▸ Task instructions:
Where an image appears, leave it out; otherwise repeat the data exactly.

▸ Information supplied:
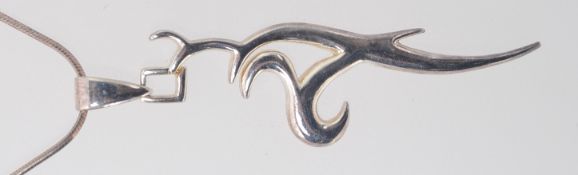2 ladies silver brooches, one of Arabic form with crescent moon and sword,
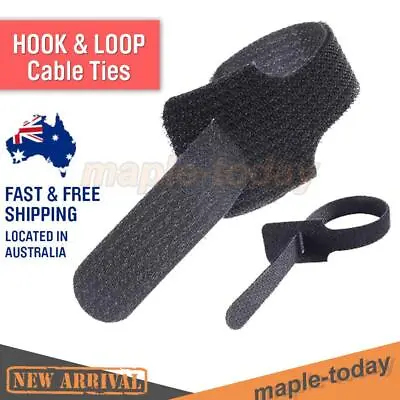 100-300pcs Reusable Cable Tie Nylon Hook Loop Strap Cord Ties PC TV Organiser • $13.16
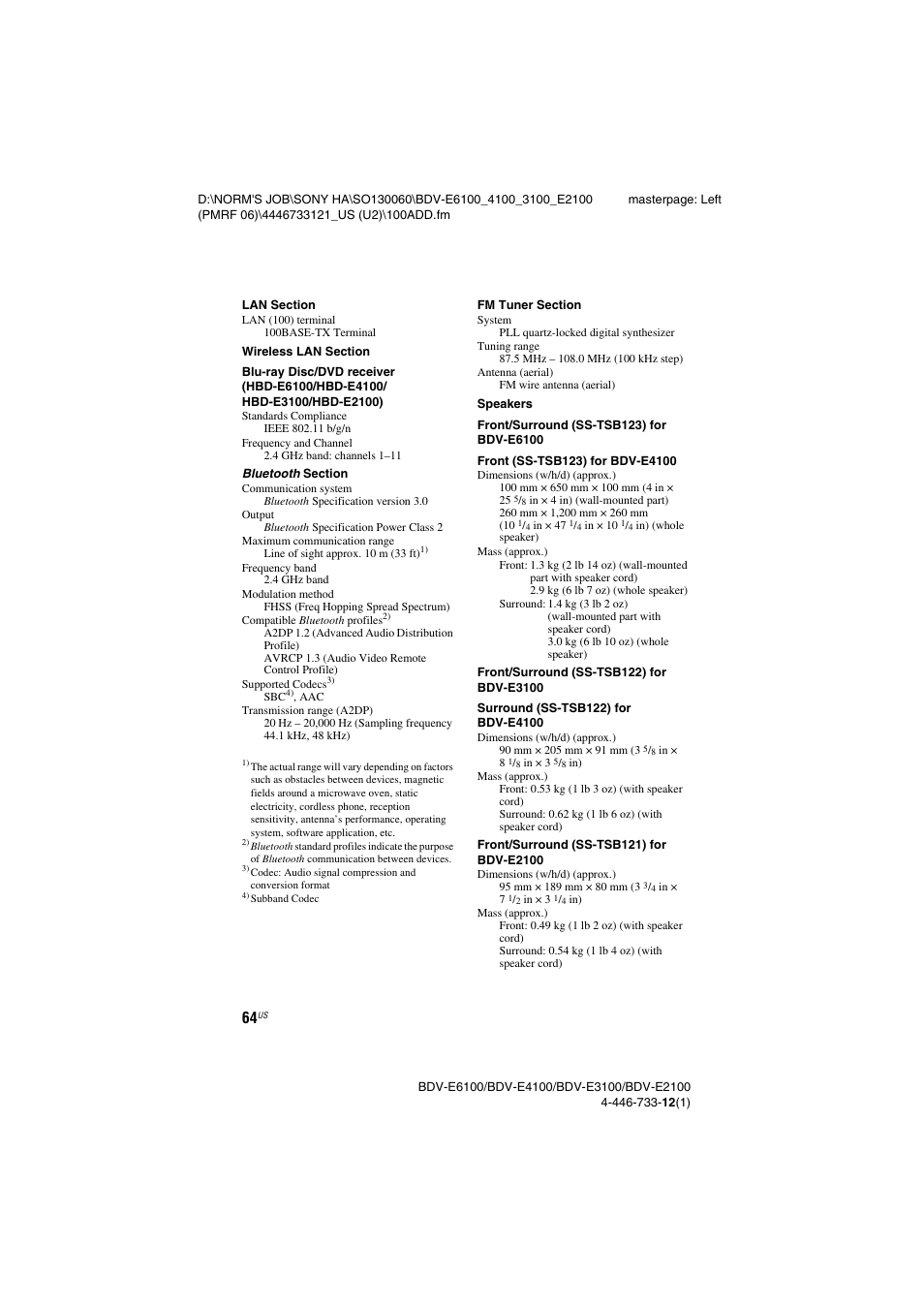 Sony BDV-E2100 User Manual | Page 64 / 72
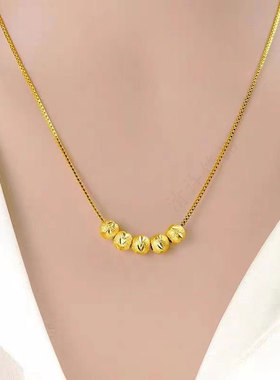 钛钢项链五福珠锁骨链百搭气质高雅时尚轻奢脖子颈链永久不掉色女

▸ Your response:
2 ladies silver brooches, one of Arabic form with crescent moon and sword,
 100-300pcs Reusable Cable Tie Nylon Hook Loop Strap Cord Ties PC TV Organiser • $13.16
 Sony BDV-E2100 User Manual | Page 64 / 72
 钛钢项链五福珠锁骨链百搭气质高雅时尚轻奢脖子颈链永久不掉色女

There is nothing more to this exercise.